Figure 4: Hyperparameter analysis demonstrating the impact of learning stage timing and loss weights.
Figure 5: Cosine distance distributions of positive and negative pairs reveal increased separability with PIA.
Visualizations and Qualitative Analysis
Qualitative retrieval comparisons confirm that PIA retrieves more correct identities in the top-ranked positions than variants, substantiating superior discrimination across both modalities and clothing changes. Feature analysis of cosine distances shows increased inter-class divergence and reduced intra-class distance post-PIA. Attention map visualization exhibits progressive reduction of background and clothing-related activations, culminating in compact, identity-centric localization for both visible and infrared inputs.

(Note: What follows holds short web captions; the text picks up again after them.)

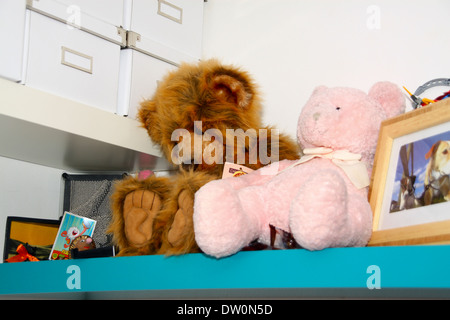 Teddies on shelf in child's room Stock Photo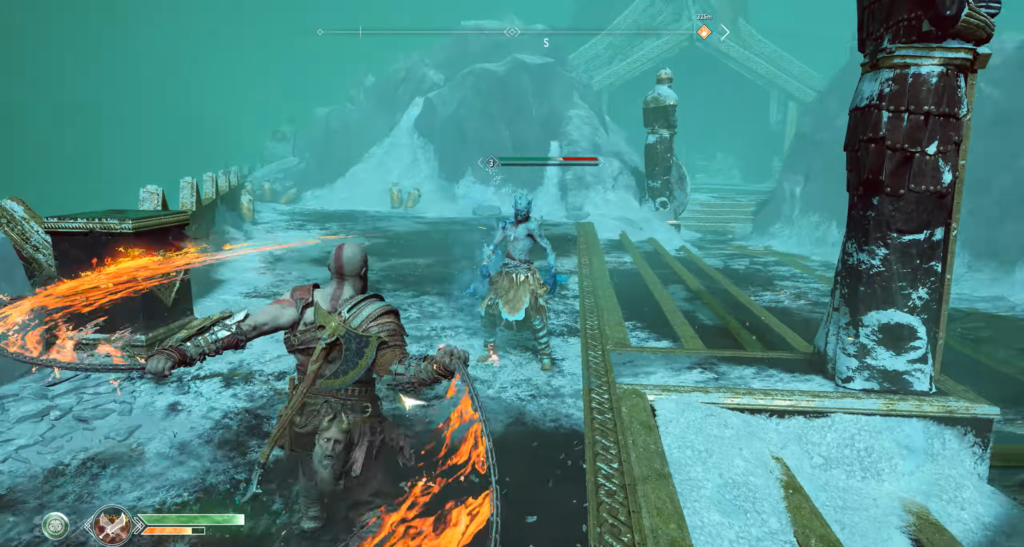 Кратос с огненными клинками сражается на снегу в God of War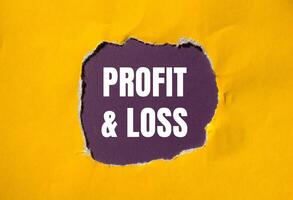 Profit and loss message written on ripped torn yellow paper with purple background. Conceptual profit and loss symbol. Copy space. photo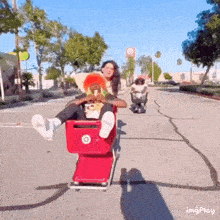 a woman sits in a red shopping cart with a target logo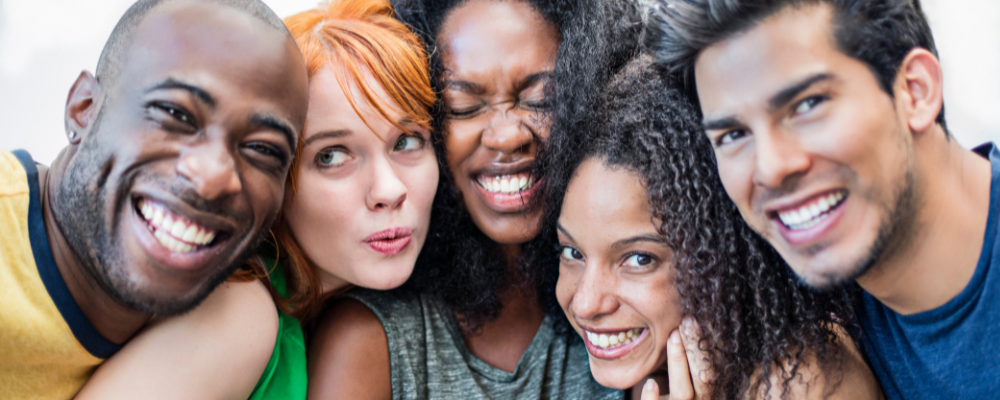 Diverse group of five people smiling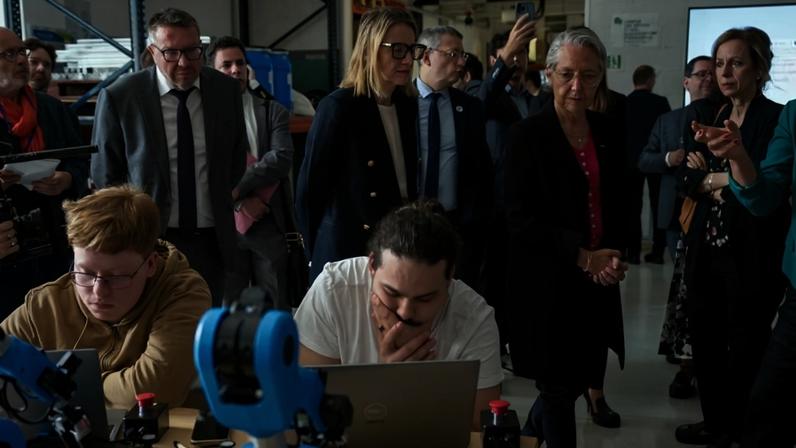 French Minister of National Education Elisabeth Borne, Minister of Labor and Employment Astrid Panosyan-Bouvet, and High Commissioner for Vocational Education and Training Eric Garnier visit the Campus of Trades and Qualifications of Excellence in Evry-Courcouronnes, France, on May 19.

Practical and Theoretical Implications
PIA, by jointly addressing modality and clothing heterogeneity, provides a blueprint for robust, deployable person Re-ID systems in long-term, real-world surveillance. Its modular progressive design suggests extensibility: future work may adapt the dual-branch disentanglement strategy to other compound confounders or extend prototype-based contrastive alignment to unsupervised or semi-supervised settings. The SYSU-CMCC benchmark further catalyzes research in this compounded domain, exposing the inadequacy of isolated solutions and incentivizing unified approaches.
Conclusion
The paper establishes a novel task—CMCC-ReID—with a corresponding scalable dataset and an effective reference architecture. PIA’s progressive learning paradigm, employing disentanglement and cross-modality prototype alignment, yields consistent improvements over both VI-ReID and CC-ReID paradigms. The methodology and empirical findings offer a principled direction for developing person Re-ID solutions capable of operating in unconstrained, long-term deployment scenarios, motivating future research on multi-factor disentanglement and adaptive alignment strategies (2604.02808).